Just before registration closed June 15, there were 4,814 registered messengers from the nation's 45,000 Southern Baptist churches. Official numbers will not be released until later in June. In 2003, the last time Southern Baptists gathered in Phoenix, there were 7,077 registered.
The count is 43 percent of the 2010 numbers in Orlando, a dip Registration Secretary Jim Wells predicted last summer and one that other registration staff confirm.
"First, it wasn't an 'election year,' with Bryant Wright up for a second term as SBC president," said Kevin Wilson, a registration volunteer from the Georgia Baptist Convention. "Plus, the big issues like the Great Commission Resurgence were voted on last year."
It's the lowest messenger count at an annual meeting in more than six decades, when in the throes of World War II, 4,301 messengers gathered in Atlanta in 1944.
The substance of the meeting led plenty who attended to argue it shouldn't be judged on numbers. More than 1,000 pastors and their wives packed a North American Mission Board luncheon to learn about the entity's new Send North America church planting strategy. On the final night of the convention, hundreds of messengers flooded the front of the convention hall at the end of the International Mission Board report, having signed cards pledging to lead their church to embrace an unengaged people group. The convention's focus on ethnic diversity and unity were also significant. (Read the wrapup at http://www.bpnews.net/BPnews.asp?ID=35563)
"I do believe it could prove to be the most spiritually significant convention over the last 50 years," Southern Baptist Convention President Bryant Wright, who was re-elected to another one-year term, told Baptist Press after the Phoenix gathering. Wright pointed to the sluggish economy and to the travel time from most SBC churches as possible reasons for the low attendance.
As expected, Arizona Baptist churches turned out for their host-meeting; their 374-messenger total was the second largest of the state delegations. Tennessee was the highest at 390 messengers.
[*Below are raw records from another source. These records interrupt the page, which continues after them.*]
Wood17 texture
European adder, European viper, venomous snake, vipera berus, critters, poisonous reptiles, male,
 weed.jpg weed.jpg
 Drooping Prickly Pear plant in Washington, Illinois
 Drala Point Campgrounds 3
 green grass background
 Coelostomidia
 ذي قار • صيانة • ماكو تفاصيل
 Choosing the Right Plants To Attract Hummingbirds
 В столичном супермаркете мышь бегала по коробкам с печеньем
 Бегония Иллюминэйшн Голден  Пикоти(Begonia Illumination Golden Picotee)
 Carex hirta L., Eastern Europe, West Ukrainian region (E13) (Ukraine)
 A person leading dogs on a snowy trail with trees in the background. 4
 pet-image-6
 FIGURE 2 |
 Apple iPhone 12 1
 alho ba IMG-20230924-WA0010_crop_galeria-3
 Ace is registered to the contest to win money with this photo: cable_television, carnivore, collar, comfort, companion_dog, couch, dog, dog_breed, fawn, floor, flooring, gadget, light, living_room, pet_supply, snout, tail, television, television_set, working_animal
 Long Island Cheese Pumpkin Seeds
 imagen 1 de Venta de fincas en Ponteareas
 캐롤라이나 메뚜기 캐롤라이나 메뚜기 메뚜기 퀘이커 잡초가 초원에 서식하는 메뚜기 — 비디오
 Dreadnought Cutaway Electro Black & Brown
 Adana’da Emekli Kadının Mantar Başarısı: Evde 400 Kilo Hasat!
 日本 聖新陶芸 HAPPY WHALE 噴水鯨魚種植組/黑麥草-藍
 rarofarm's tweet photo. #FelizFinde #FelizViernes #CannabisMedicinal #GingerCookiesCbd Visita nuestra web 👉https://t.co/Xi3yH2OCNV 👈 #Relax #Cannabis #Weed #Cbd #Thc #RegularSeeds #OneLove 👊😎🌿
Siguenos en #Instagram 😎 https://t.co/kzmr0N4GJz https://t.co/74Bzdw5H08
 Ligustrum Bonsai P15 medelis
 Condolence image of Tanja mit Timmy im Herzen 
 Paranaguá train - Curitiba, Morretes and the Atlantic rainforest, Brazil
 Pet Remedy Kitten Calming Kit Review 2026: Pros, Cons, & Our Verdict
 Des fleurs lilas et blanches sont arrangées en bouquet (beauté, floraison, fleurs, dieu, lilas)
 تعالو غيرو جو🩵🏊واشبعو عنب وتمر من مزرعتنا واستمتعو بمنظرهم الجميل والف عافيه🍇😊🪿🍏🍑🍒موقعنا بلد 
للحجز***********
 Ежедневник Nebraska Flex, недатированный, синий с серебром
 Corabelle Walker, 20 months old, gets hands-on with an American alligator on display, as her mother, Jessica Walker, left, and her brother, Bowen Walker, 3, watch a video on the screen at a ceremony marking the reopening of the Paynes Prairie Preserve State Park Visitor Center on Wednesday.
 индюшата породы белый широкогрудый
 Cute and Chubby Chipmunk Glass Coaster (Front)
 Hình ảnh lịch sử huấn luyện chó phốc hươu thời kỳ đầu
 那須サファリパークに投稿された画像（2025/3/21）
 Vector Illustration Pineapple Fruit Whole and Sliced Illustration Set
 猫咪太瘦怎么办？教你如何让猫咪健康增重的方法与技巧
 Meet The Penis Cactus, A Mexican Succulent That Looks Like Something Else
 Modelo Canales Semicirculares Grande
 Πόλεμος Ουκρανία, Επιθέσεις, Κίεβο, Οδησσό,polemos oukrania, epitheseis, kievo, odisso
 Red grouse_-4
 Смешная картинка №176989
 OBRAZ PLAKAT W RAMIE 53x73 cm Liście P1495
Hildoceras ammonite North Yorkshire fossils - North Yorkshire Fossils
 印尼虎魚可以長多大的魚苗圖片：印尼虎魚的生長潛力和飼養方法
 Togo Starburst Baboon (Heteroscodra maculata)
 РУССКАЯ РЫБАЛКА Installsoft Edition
Attendance followed a general geographic trend of higher attendance from states in the West and lower from everywhere else: Utah's attendance more than doubled its 2010 number, while Alabama's was 28 percent of last year's delegation.
The unofficial state-by-state messenger registration numbers are as follows: Alaska, 13; Alabama, 244; Arkansas, 163; Arizona, 374; California, 241; Colorado, 43; Connecticut, 1; Washington, D.C., 12; Delaware, 1; Florida, 242; Georgia, 357; Hawaii, 12; Iowa, 6; Idaho, 17; Illinois, 82; Indiana, 78; Kansas, 53; Kentucky, 233; Louisiana, 182; Massachusetts, 8; Maryland, 57; Maine, 1; Michigan, 27; Minnesota, 27; Missouri, 169; Mississippi, 201; Montana, 9; North Carolina, 332; Nebraska, 1; New Hampshire, 1; New Jersey, 11; New Mexico, 85; Nevada, 69; New York, 13; Ohio, 88; Oklahoma, 148; Oregon, 11; Pennsylvania, 22; Puerto Rico 3; South Carolina, 190; South Dakota, 1; Tennessee, 390; Texas, 347; Utah, 24; Virginia, 191; Vermont, 1; Washington, 20; Wisconsin, 3; West Virginia 22; Wyoming, 13.
Wells was unable to attend the annual meeting because of illness. His duties were picked up by SBC Recording Secretary John Yeats and various other workers, including Wilson of Georgia.
Wells, director of missions for Tri-County Baptist Association in Nixa, Mo., has been undergoing chemotherapy after being diagnosed in 2010 with a form of cancer, a sarcoma malignancy in his left hip muscle. He has responded well to the treatment, Wells has said in emails, but developed an infection in recent days and could not leave home.
Wells was first elected registration secretary in 2002; he was re-elected to another term June 15.
"We missed Jim dearly, but all things considered, things went pretty smoothly," Wilson said.
Brian Koonce is a staff writer for The Pathway (www.mbcpathway.com) newsjournal of the Missouri Baptist Convention.